Et compte tenu des reprises divergentes, « nous avons besoin à la fois d’une communication prudente de la part des principales banques centrales et de politiques prudentes dans les pays émergents et en développement pour minimiser les retombées financières néfastes », insiste-t-elle.
Pour préparer l’après crise, « l’accent doit être mis sur l’augmentation des investissements publics – dans les projets verts et les infrastructures numériques, dans la santé et l’éducation des populations – afin de garantir que chacun puisse bénéficier de la transformation historique vers des économies plus vertes, plus intelligentes et plus inclusives ».
A cet effet, le FMI revient sur l’importance d’une fiscalité plus équitable aussi bien pour les particuliers que pour les entreprises partout dans le monde.
« Dans de nombreux cas, cela signifiera une imposition plus progressive et un accord international sur des questions telles que la fiscalité minimale des entreprises », indique-t-on.
Afin de juguler l’écart entre pays nantis et pays pauvres, qui ne cesse de se creuser avec la crise liée à la pandémie, un soutien plus important aux pays les plus pauvres est jugé primordial.

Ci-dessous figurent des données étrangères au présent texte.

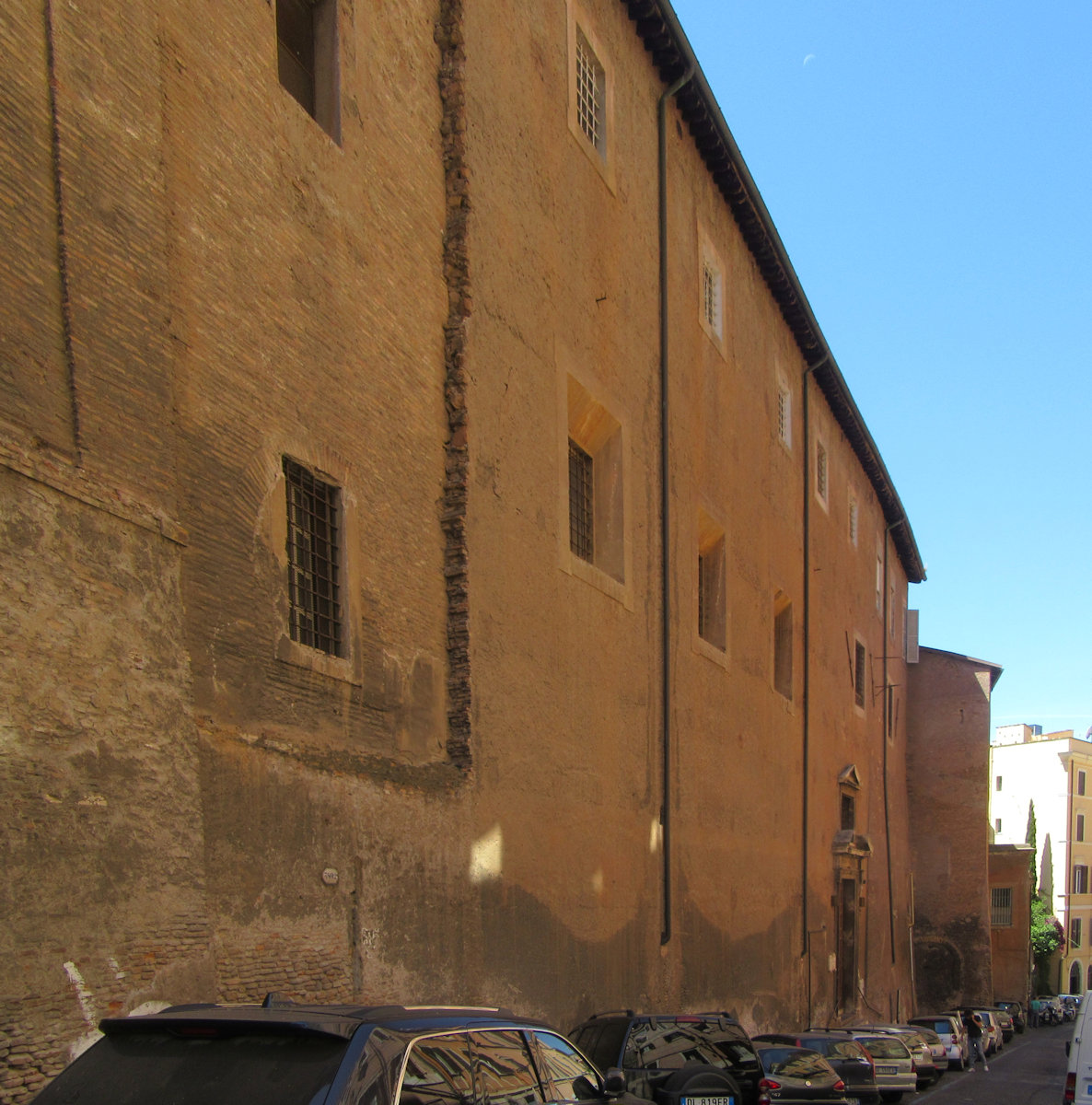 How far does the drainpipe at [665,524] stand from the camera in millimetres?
17906

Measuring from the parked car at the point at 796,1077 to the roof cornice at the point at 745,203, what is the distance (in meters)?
13.3

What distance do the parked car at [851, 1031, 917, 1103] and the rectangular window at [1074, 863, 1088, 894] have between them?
183ft

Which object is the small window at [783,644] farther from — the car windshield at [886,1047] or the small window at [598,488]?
the small window at [598,488]

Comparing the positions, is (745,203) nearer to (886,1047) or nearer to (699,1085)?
(886,1047)

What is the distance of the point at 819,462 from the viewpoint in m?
31.2

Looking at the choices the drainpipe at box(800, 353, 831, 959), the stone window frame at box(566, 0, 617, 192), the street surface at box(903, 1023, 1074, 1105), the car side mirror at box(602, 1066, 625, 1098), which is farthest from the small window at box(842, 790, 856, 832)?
the car side mirror at box(602, 1066, 625, 1098)

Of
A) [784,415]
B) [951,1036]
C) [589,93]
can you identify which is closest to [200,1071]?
[589,93]

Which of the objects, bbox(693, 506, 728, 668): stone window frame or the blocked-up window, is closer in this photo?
bbox(693, 506, 728, 668): stone window frame

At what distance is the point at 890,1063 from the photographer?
1953cm

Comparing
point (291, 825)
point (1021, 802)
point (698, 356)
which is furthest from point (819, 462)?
point (1021, 802)

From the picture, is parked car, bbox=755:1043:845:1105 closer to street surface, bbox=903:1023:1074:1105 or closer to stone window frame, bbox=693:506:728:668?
street surface, bbox=903:1023:1074:1105

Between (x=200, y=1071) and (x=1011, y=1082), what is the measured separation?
77.6ft

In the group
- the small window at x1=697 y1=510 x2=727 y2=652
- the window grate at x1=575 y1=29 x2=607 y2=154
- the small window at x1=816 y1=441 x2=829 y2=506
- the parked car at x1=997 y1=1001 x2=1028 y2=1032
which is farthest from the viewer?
the parked car at x1=997 y1=1001 x2=1028 y2=1032

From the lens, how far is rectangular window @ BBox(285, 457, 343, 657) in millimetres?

« Les pays à faible revenu doivent déployer quelque 450 milliards de dollars au cours des cinq prochaines années. Dans le cadre d’un effort global, ils ont besoin de plus de mobilisation des recettes intérieures – mais aussi de plus de financements concessionnels extérieurs et de plus d’aide pour faire face à la dette », rappelle la cheffe de l’institution financière internationale.
Jusqu’à présent, le FMI a accordé des prêts à 86 pays avec plus de 110 milliards de dollars, à travers divers instruments. Pour l’Afrique subsaharienne, ces prêts ont été 13 fois supérieurs à la moyenne annuelle de la décennie précédente.
Le Fonds compte proposer une nouvelle allocation de 650 milliards de dollars de DTS (Droits de tirage spéciaux) pour aider à répondre au besoin mondial à long terme, en particulier pour les plus vulnérables.